Repeat exactly the lines beginning at the one that contains "Raised Sunflower Wholesale" and running to the end of the material. Omit the pictures.

*** SUPPLIED MATERIAL ***

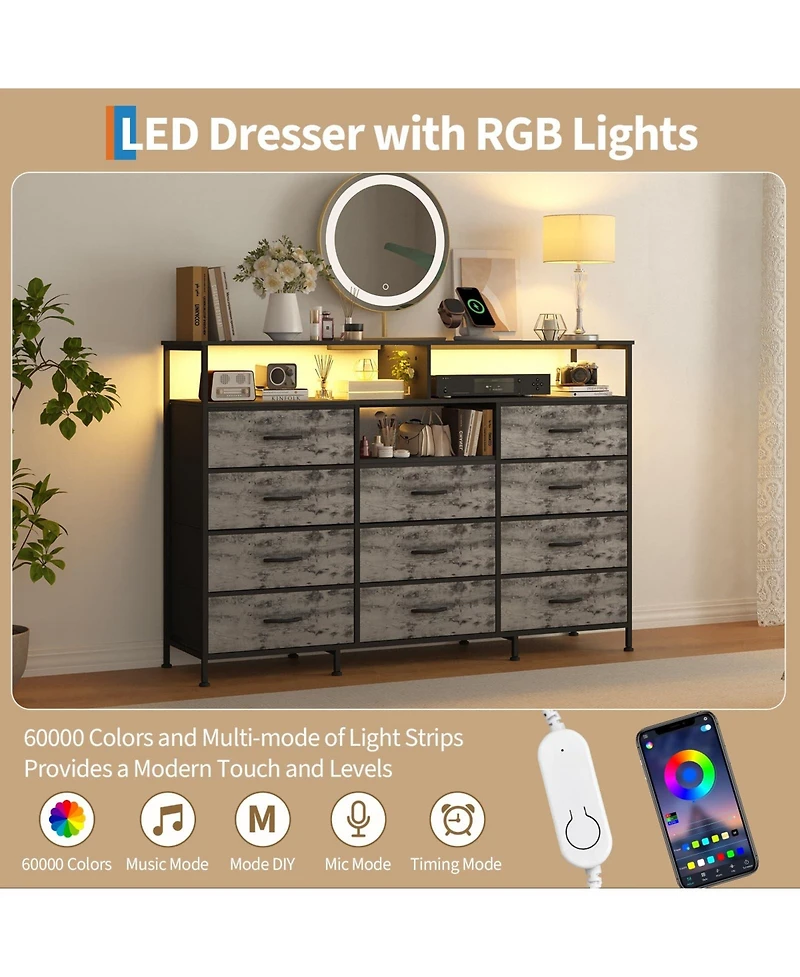 gaomon 11 Drawer Fabric Dresser with Led Lights and Power Outlet, Storage Cabinet Open Shelves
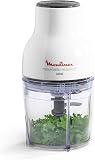 Moulinex Hachoir électrique, 400 ml, 300 W, 4 lames, Fonctions 3-en-1, Emince, Hache, Mixe, Système de pression simple, Moulinette Essential DJ520110, Blanc - 1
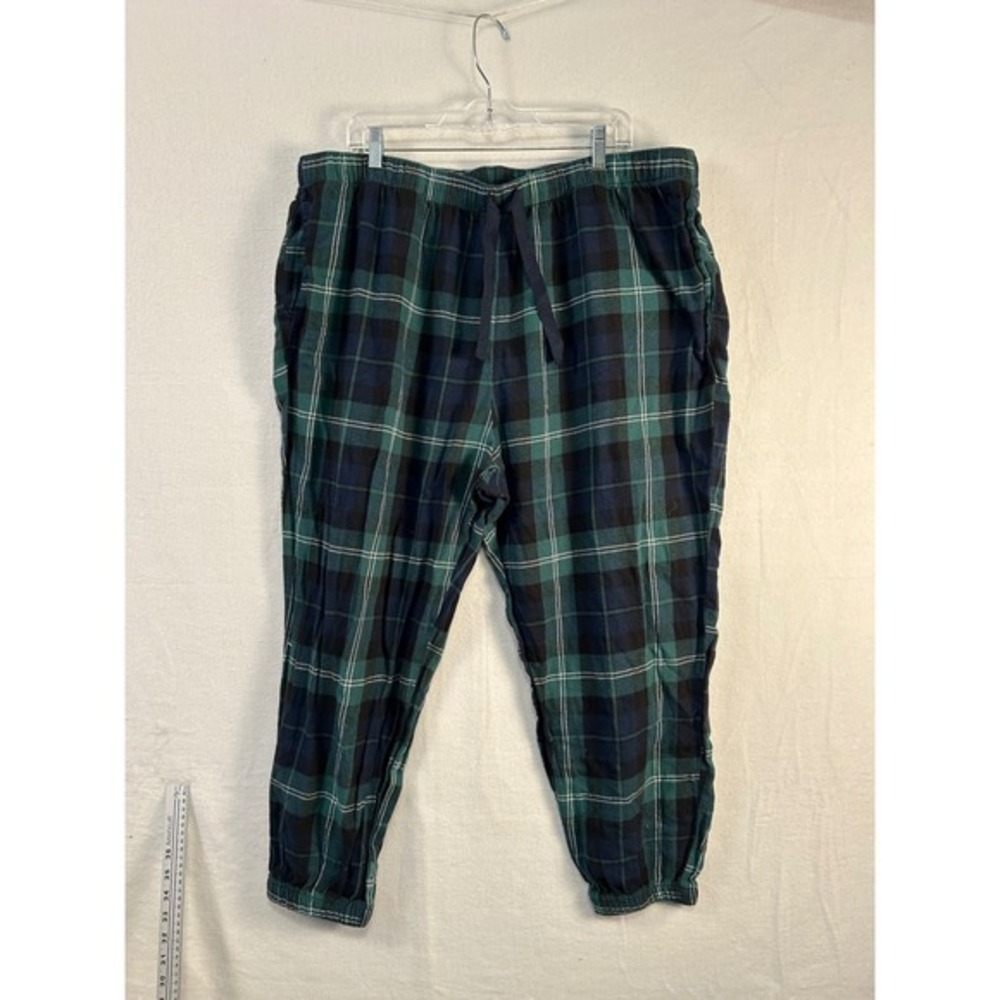 Old Navy Womens XXL Plaid Pajama Pants Green Black Matching The Family‎ #1541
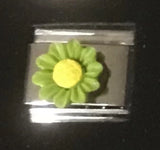 Raised Sunflower Wholesale Italian Charm Enamel Link 9MM K54S2 Sunflower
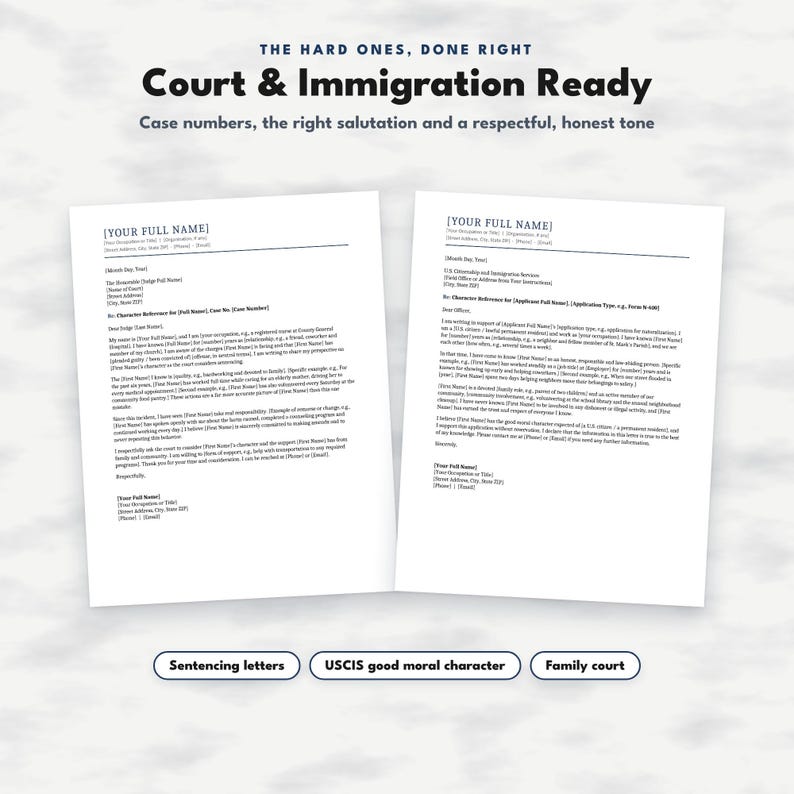 Character Reference Letter Template, Editable Letter to Judge for Court ...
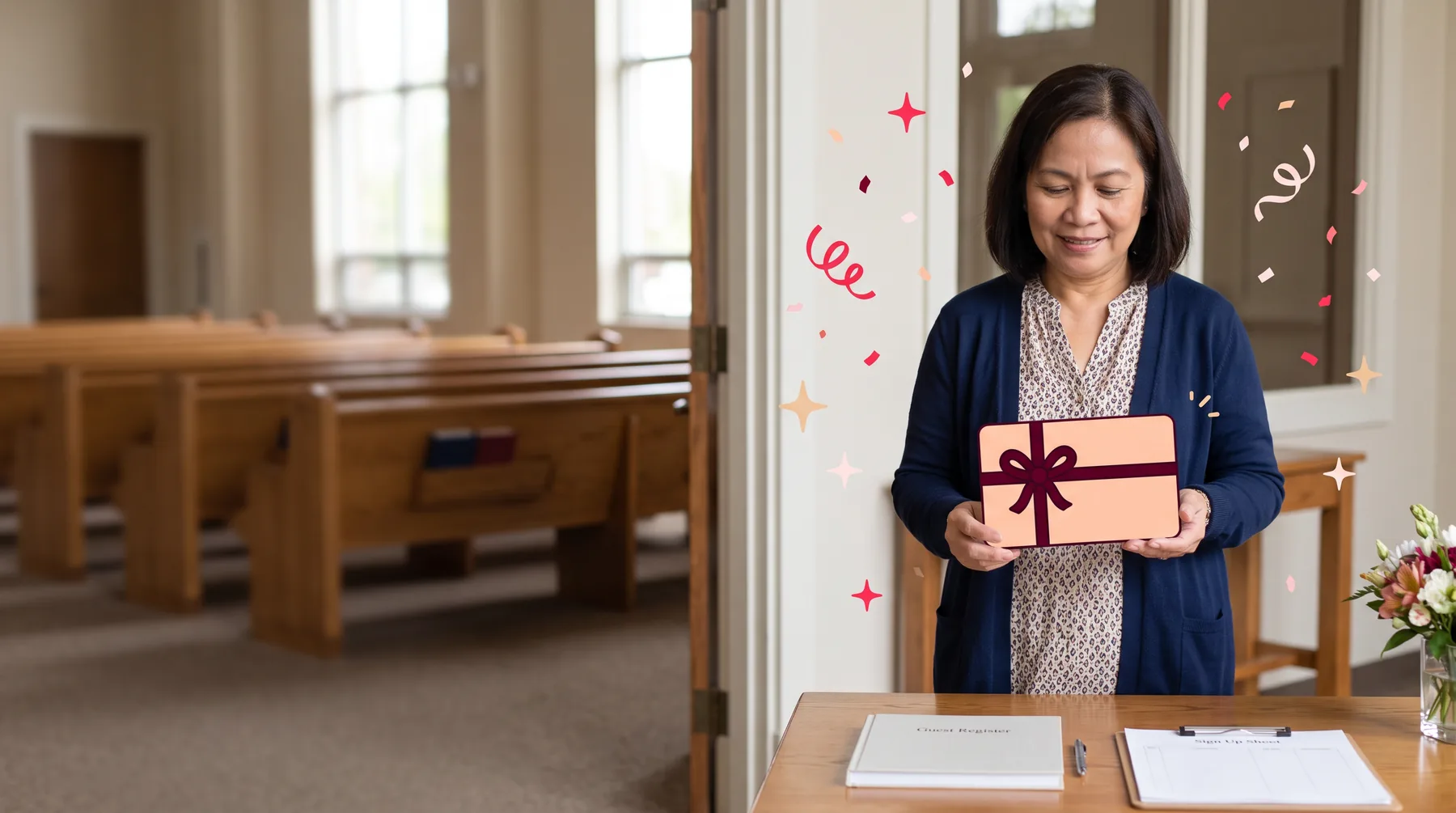Church volunteer at the welcome table after a service, holding a gift card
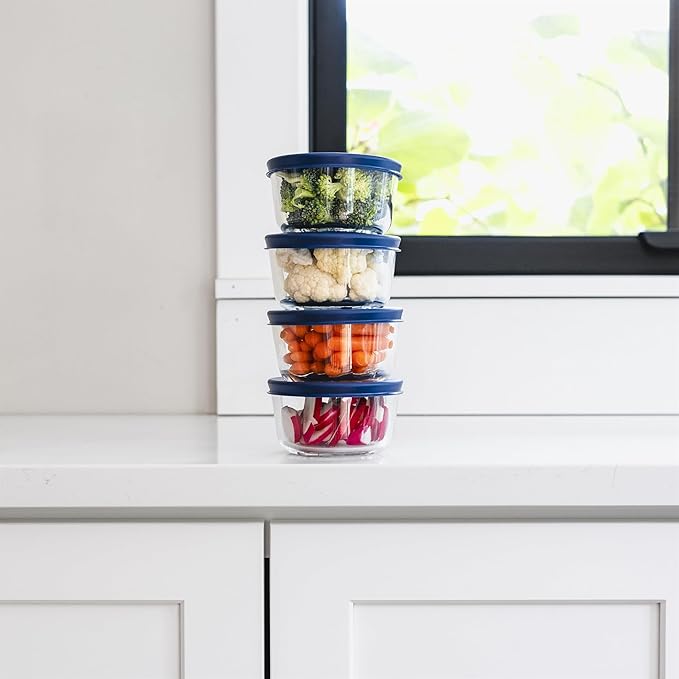 8-Piece Glass Food Storage Containers Set | 7-Ounce, Leakproof | Microwave - Image 3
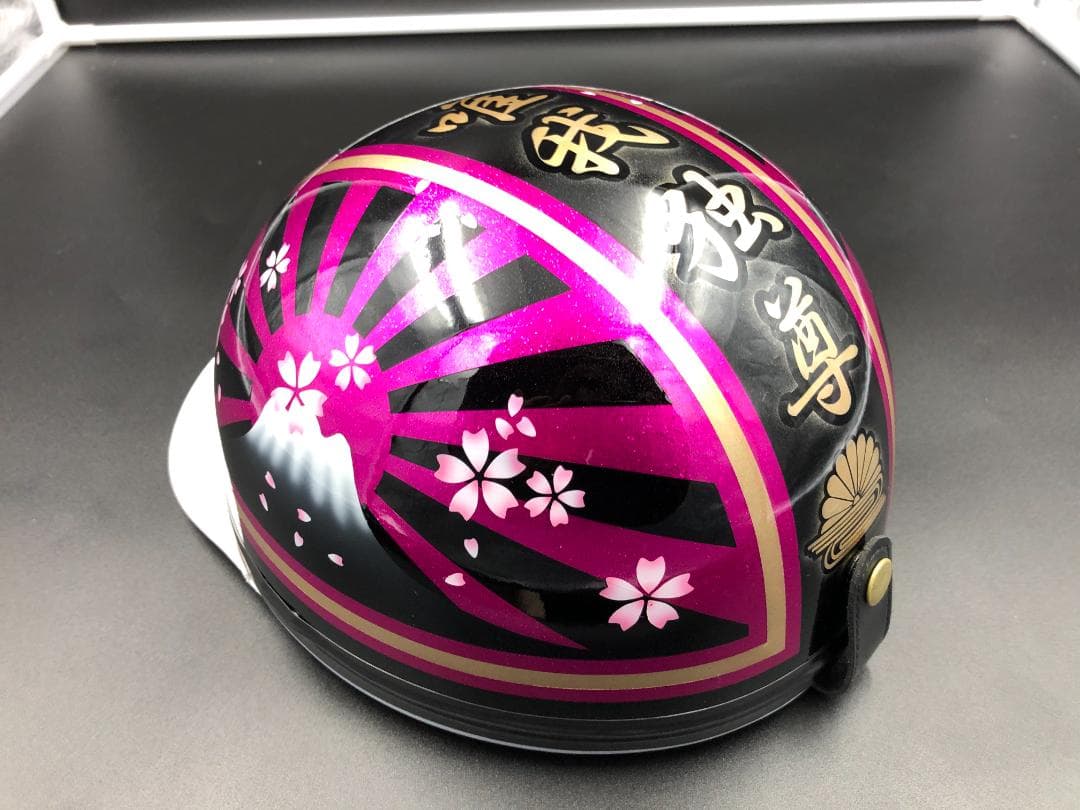 コルク半　カスタム　富士日章　三つボタン　ブラックピンクゴールド　ラメ　桜　唯我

*** End of SUPPLIED MATERIAL ***

### OUTPUT OF THE TASK
 Raised Sunflower Wholesale Italian Charm Enamel Link 9MM K54S2 Sunflower
 Character Reference Letter Template, Editable Letter to Judge for Court ...
Church volunteer at the welcome table after a service, holding a gift card
 8-Piece Glass Food Storage Containers Set | 7-Ounce, Leakproof | Microwave - Image 3
 コルク半　カスタム　富士日章　三つボタン　ブラックピンクゴールド　ラメ　桜　唯我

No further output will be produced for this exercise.